#### Supplied material
----
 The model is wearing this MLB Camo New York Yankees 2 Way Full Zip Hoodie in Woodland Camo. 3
----
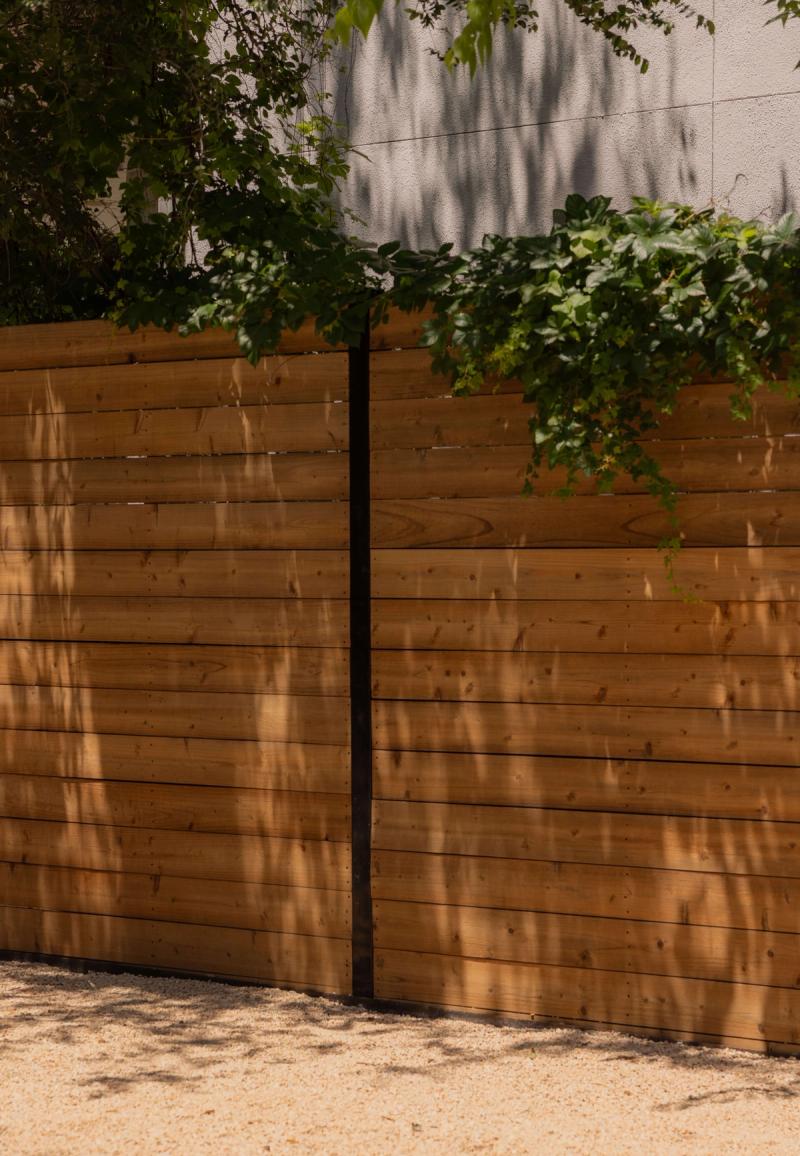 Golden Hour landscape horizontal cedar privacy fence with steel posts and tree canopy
----
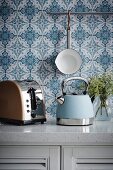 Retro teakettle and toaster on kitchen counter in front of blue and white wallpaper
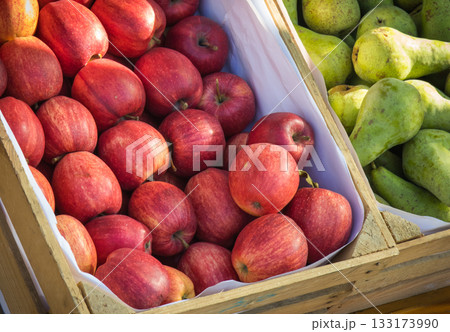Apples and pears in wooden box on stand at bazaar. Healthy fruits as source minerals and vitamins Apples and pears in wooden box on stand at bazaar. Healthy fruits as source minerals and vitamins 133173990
----
#### Exercise directions
What you return from the records above should be exactly everything from the line with "Retro teakettle and" down to the line with "and vitamins 133173990", both kept, and no pictures.

#### Solution to this problem
 Retro teakettle and toaster on kitchen counter in front of blue and white wallpaper
Apples and pears in wooden box on stand at bazaar. Healthy fruits as source minerals and vitamins Apples and pears in wooden box on stand at bazaar. Healthy fruits as source minerals and vitamins 133173990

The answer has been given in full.